JiWER's `wer()` is case-sensistive, meaning that it punishes ASR for transcibing 'Hello' as 'hello'. Also, `wer()` only strips out `.`and `,` - any other punctuation is left in. ASR's are thus punished for not transcribing e.g. exclamation marks.
Let's clean the punctuation from both sentences before calculating WER, and also lowercase them so that our WER becomes case-insensitive. Note that this is a choice: perhaps you care whether your model differentiates between the word 'chase' and the given name 'Chase'; and perhaps you want your ASR to recognize question-intonation. You might make different choices then. 

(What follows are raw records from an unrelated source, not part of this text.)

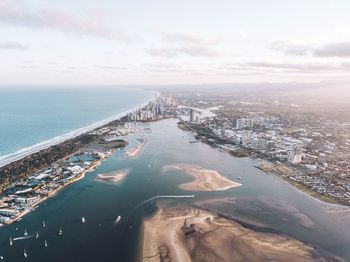 High angle view of cityscape by sea against sky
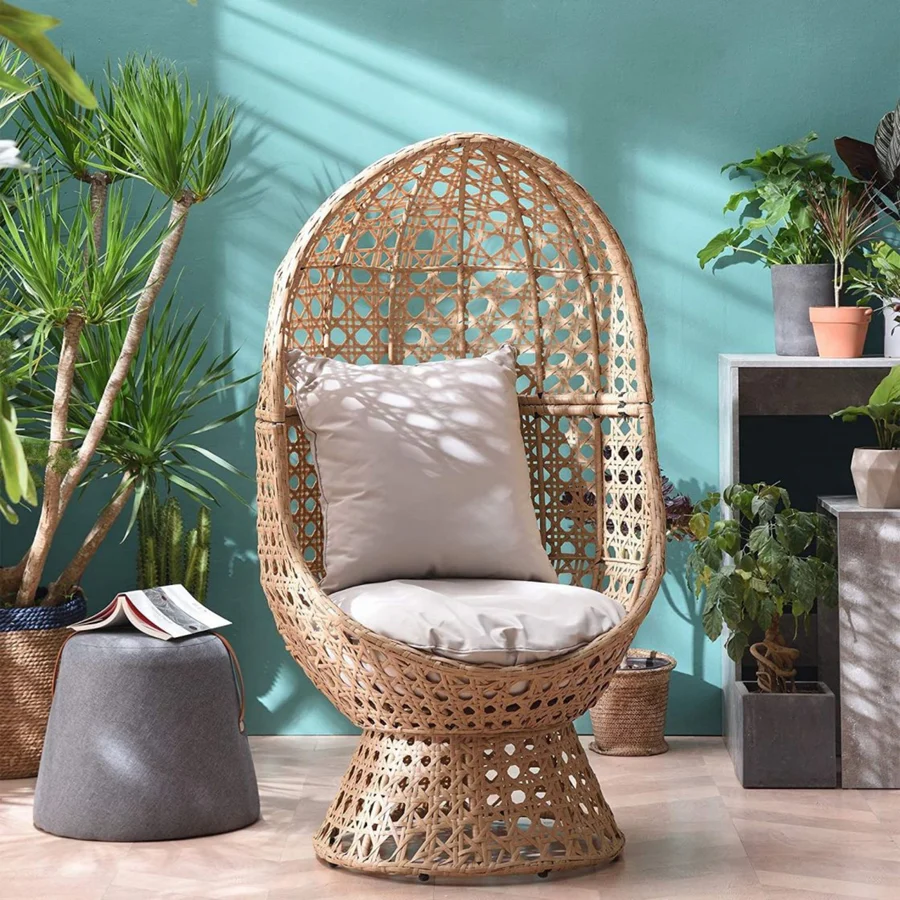 Beige rattan wicker cocoon chair with a comfortable cushion for outdoor patio or garden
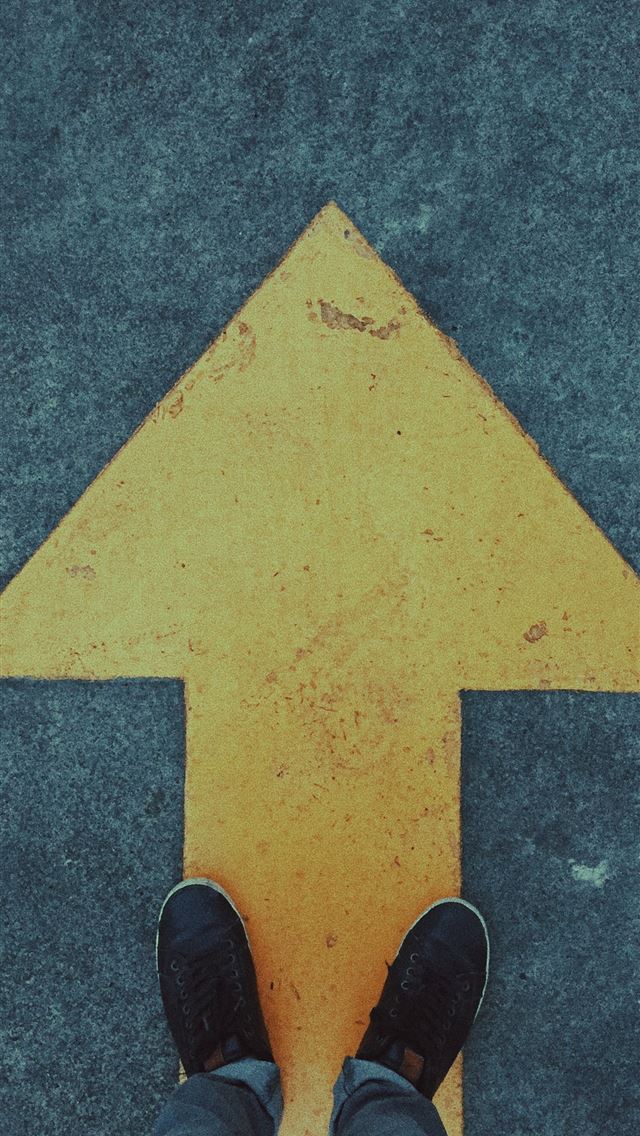 1290x2796 person standing on yellow arrow - yellow iPhone Wallpaper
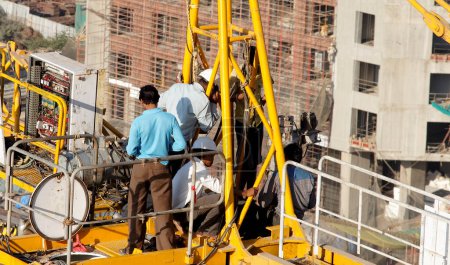 Téléchargez les photos : Gros plan hommes réparation entretien grue à grande hauteur - en image libre de droit
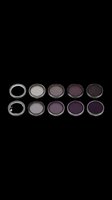 Ten camera lens filters arranged in two rows, progressing from clear to dark neutral density gradations, isolated on transparent background, ready for design use on t-shirts, stickers, and print-on-demand products.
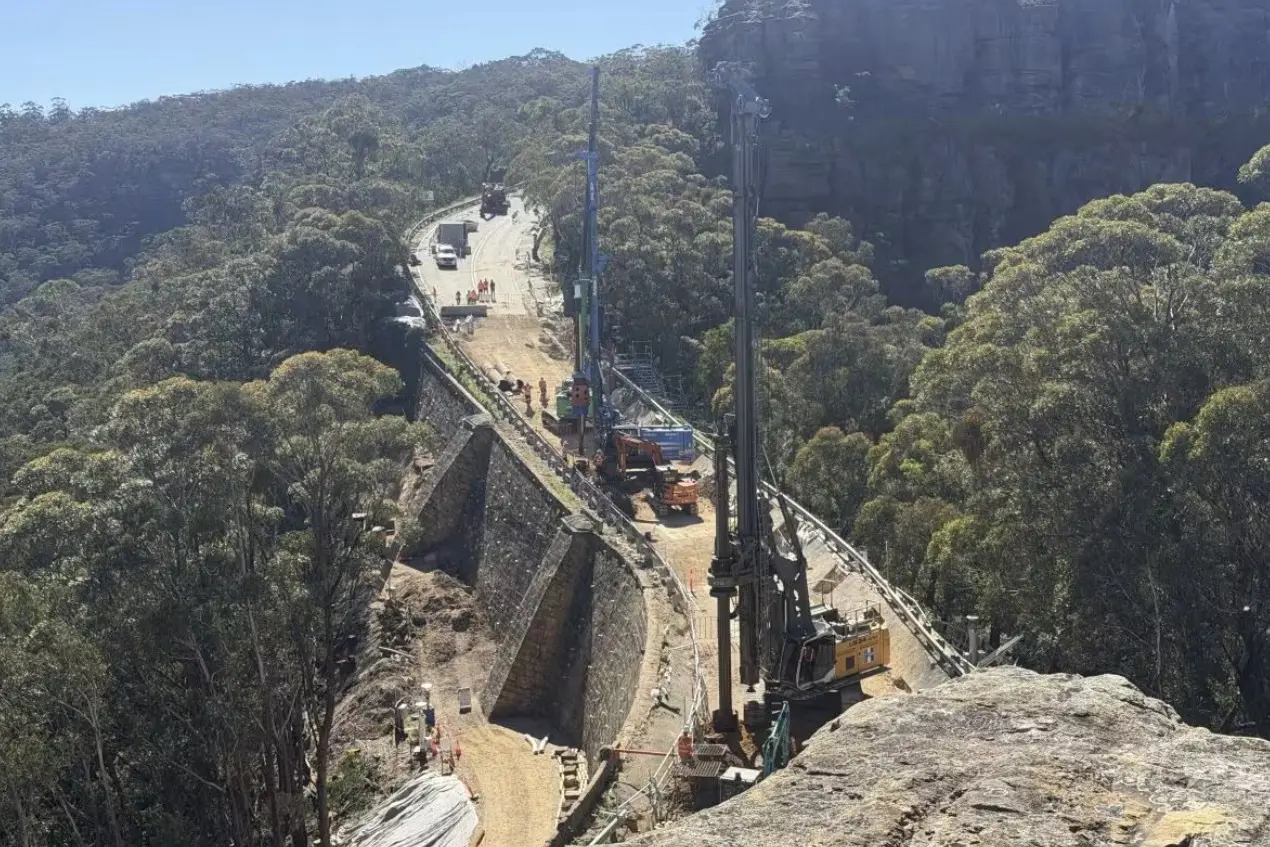 <p>A second contractor has been brought in to speed up repairs as piling for a new bridge into the historic road at Mitchell\\'s Pass continues. PHOTO: Transport for NSW</p>\\n
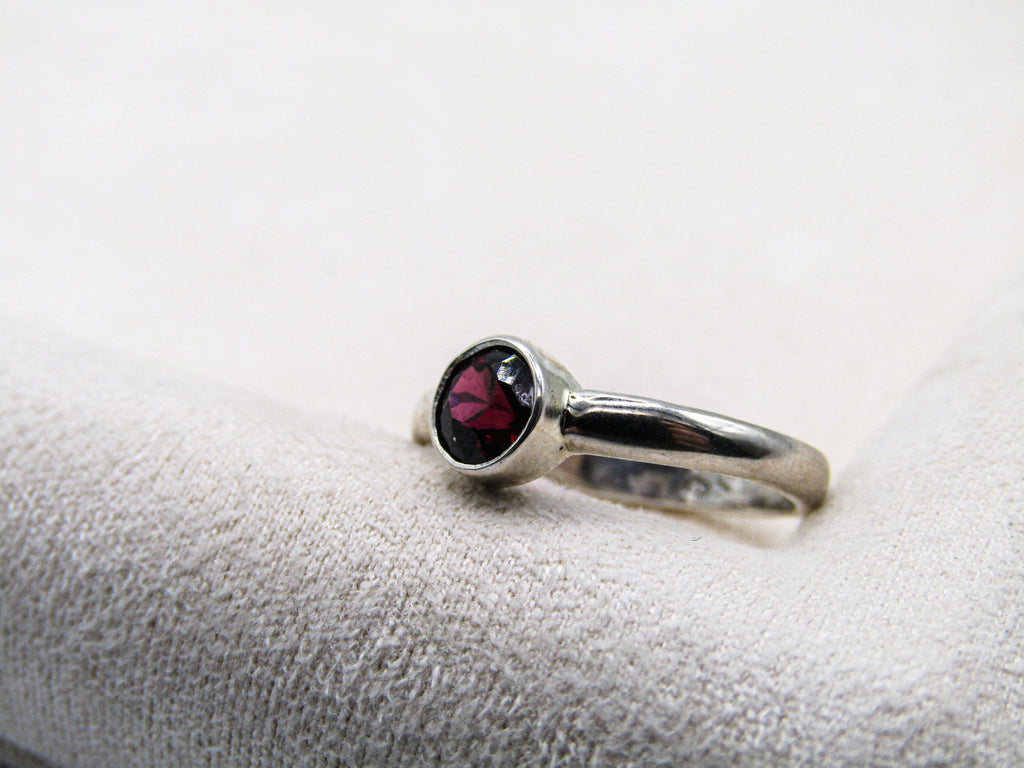 Silver ring with a red gemstone on a white cushion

As a side note, JiWER also contains tools to do these types of regularization before calculating WER; you can check the description of different `transformation`s in the [documentation](https://pypi.org/project/jiwer/) if you want to learn more.

In [8]:
import numpy as np
import string

def clean_sentence(sentence):
    # remove punctuation
    exclude = set(string.punctuation) # we want to remove all characters from the string.punctuation class
    clean_string = ''.join(ch for ch in sentence if ch not in exclude) # if the character is not in string.punctuation, we keep it
    # return lowercased
    return clean_string.lower()
    
def wer_clean(ground_truth, asr_result):
    wer = jiwer.wer(clean_sentence(ground_truth), clean_sentence(asr_result))
    return wer

def calculate_wers(recordings):
    wers = []
    for sentence in recordings:
        wer = wer_clean(sentence['ground_truth'], sentence['google_transcript'])
        print(wer)
        wers.append(wer)
    return(wers)
    
print("Average WER:", np.mean(calculate_wers(recordings)))

0.0
0.25
0.0
0.5
1.0
Average WER: 0.35


### Adversarial conditions

Let's make the ASR's task a bit more challenging. Think of some suboptimal conditions for ASR: e.g. sit next to a noisy fan; speak very fast or slow, or in a non-standard accent. Record the sentences again.

In [20]:
#noisy_recordings = record_sentences(test_sentences, rec)
transcribe_sentences(noisy_recordings)

Heywood
transcription failed for Hello, my name is ###.

transcription failed for How much wood would a woodchuck chuck if a woodchuck could chuck wood?

women's onesie
speech


In [21]:
# evaluate
print("Average WER on noisy speech:", np.mean(calculate_wers(noisy_recordings)))

1.0
1.0
1.0
1.0
1.0
Average WER on noisy speech: 1.0


## Qualitative evaluation

This part of the assignment is meant to be done together with your group members.

A) Compare the average WER between the members of your group, in the clean and the adversarial conditions separately. Does the ASR perform equally well for all members of your group? If not, can you think of reasons why that might be? Consider different factors such as characteristics of your voices, accents, and recording conditions.

B) A HMM-based system consists of a phonetic model, the pronunciation lexicon, and the language model. Try to find a mistake that is likely attributable to each of these components, and explain how it might have occurred.

C) Try to find a phonetic error and a lexical error.